Common Pod Failure States

Before diving into fixes, here is a reference table of every pod status you will encounter and what it actually means:

StatusWhat HappenedFirst Command to Run
CrashLoopBackOffContainer starts, crashes, restarts, crashes againkubectl logs <pod> --previous
ImagePullBackOffKubernetes cannot pull the container imagekubectl describe pod <pod>
PendingPod cannot be scheduled to any nodekubectl describe pod <pod> (check Events)
OOMKilledContainer exceeded its memory limitkubectl describe pod <pod> (check Last State)
EvictedNode ran out of disk or memorykubectl describe pod <pod>
CreateContainerConfigErrorConfigMap or Secret reference is wrongkubectl describe pod <pod>
Init:ErrorInit container failedkubectl logs <pod> -c <init-container>
Terminating (stuck)Finalizers or preStop hook hangingkubectl get pod <pod> -o yaml (check finalizers)

The Systematic Troubleshooting Flow

Regardless of the failure, follow this four-step process:

# Step 1: Check events — this is where K8s tells you WHAT happened
kubectl describe pod <pod-name> -n <namespace>
# Scroll to the "Events" section at the bottom

# Step 2: Check logs — this is where your APPLICATION tells you WHY
kubectl logs <pod-name> -n <namespace>
kubectl logs <pod-name> -n <namespace> --previous # Logs from the crashed container
kubectl logs <pod-name> -n <namespace> -c <container> # Specific container in multi-container pod

# Step 3: Check the resource definition — is the YAML correct?
kubectl get pod <pod-name> -n <namespace> -o yaml

# Step 4: Exec into the container — test from inside
kubectl exec -it <pod-name> -n <namespace> -- /bin/sh

Debugging CrashLoopBackOff

CrashLoopBackOff means the container starts, fails, and Kubernetes keeps restarting it with exponential backoff (10s, 20s, 40s, up to 5 minutes). The root cause is always inside the container.

Common causes and fixes:

# 1. Application error — check previous container logs
kubectl logs payment-api-7d9b4-x2k8m --previous
# Look for: stack traces, missing env vars, failed DB connections

# 2. Wrong command or entrypoint
kubectl get pod payment-api-7d9b4-x2k8m -o jsonpath='{.spec.containers[0].command}'
# Fix: Check that the command in your Deployment matches the image's expected entrypoint

# 3. Missing config — ConfigMap or Secret not mounted correctly
kubectl describe pod payment-api-7d9b4-x2k8m | grep -A5 "Environment"
# Look for: <unset>, missing volume mounts

# 4. Health check failing too fast
kubectl describe pod payment-api-7d9b4-x2k8m | grep -A10 "Liveness"
# Fix: Increase initialDelaySeconds, lower failureThreshold during startup

A common pattern: the app needs 30 seconds to start, but the liveness probe checks at 10 seconds and kills the container before it is ready. This creates a restart loop that looks like CrashLoopBackOff but is actually a misconfigured probe.

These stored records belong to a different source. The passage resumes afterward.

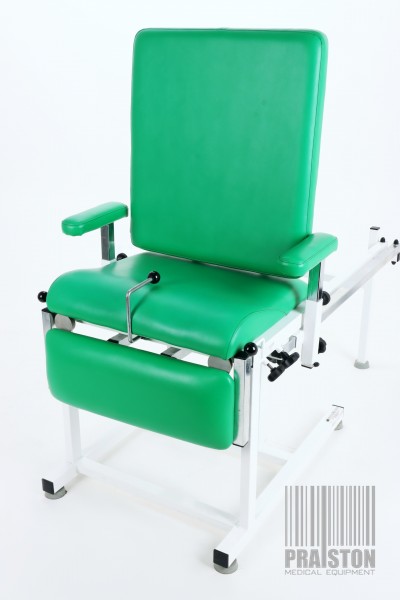 Fotele do ćwiczeń oporowych kończyn używane B/D Sumer UPR-01 B/S - Praiston rekondycjonowany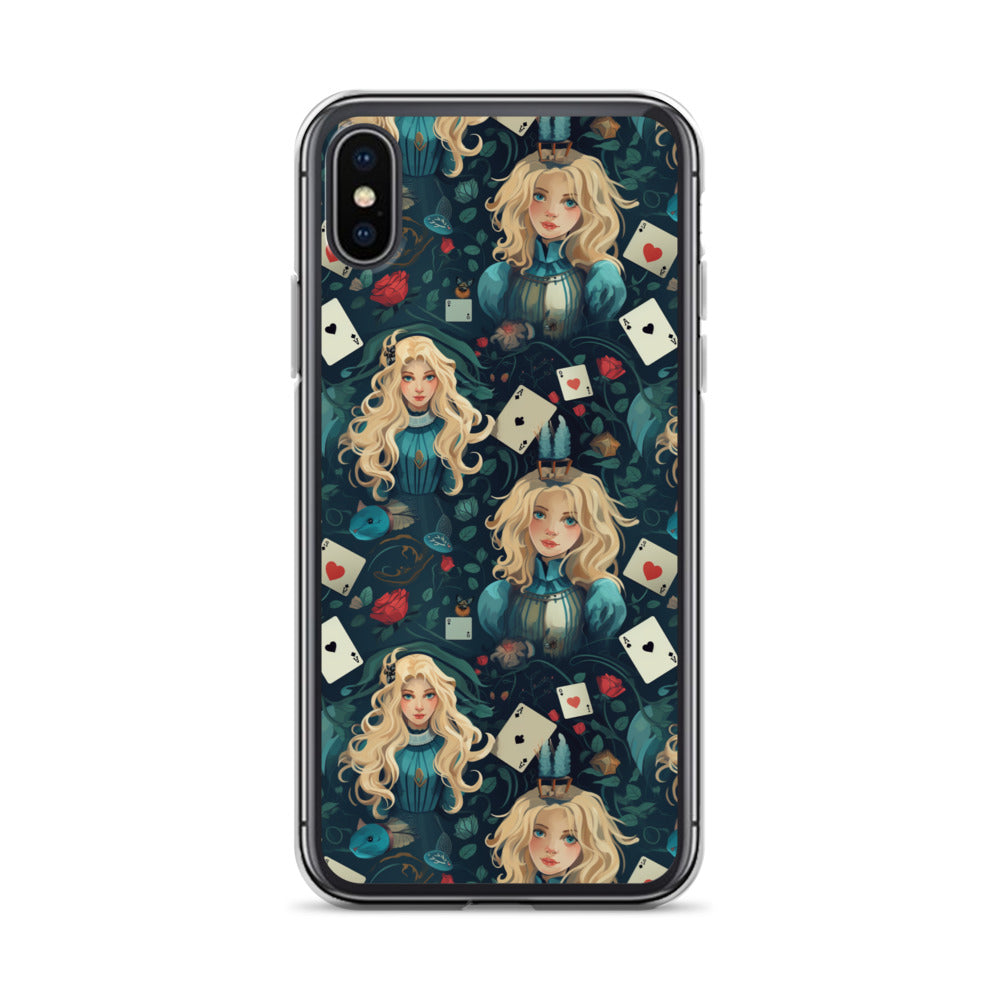 iPhone Case - Alice
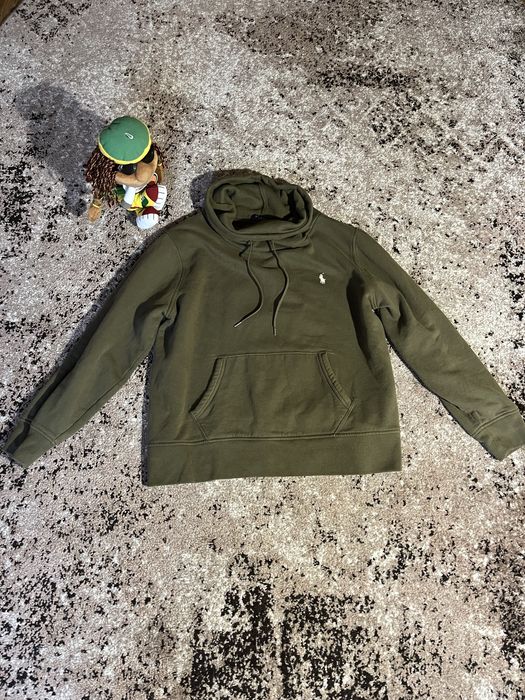 Свитшот Polo Ralph Lauren зелений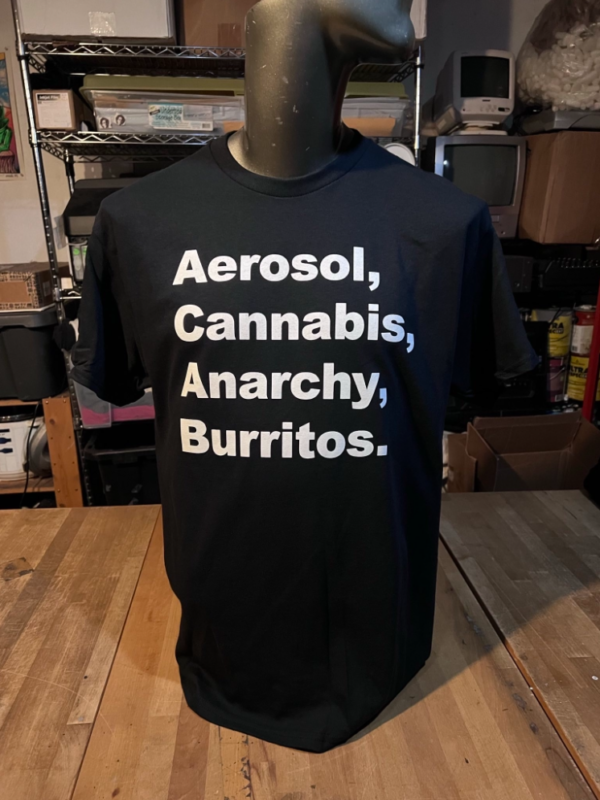 ACAB tee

# Fix: Use a startup probe for slow-starting containers
startupProbe:
httpGet:
path: /health
port: 8080
failureThreshold: 30
periodSeconds: 2 # Allows up to 60 seconds for startup
livenessProbe:
httpGet:
path: /health
port: 8080
periodSeconds: 10
failureThreshold: 3

Debugging ImagePullBackOff

Kubernetes cannot download the container image. The Events section of kubectl describe pod will tell you exactly why.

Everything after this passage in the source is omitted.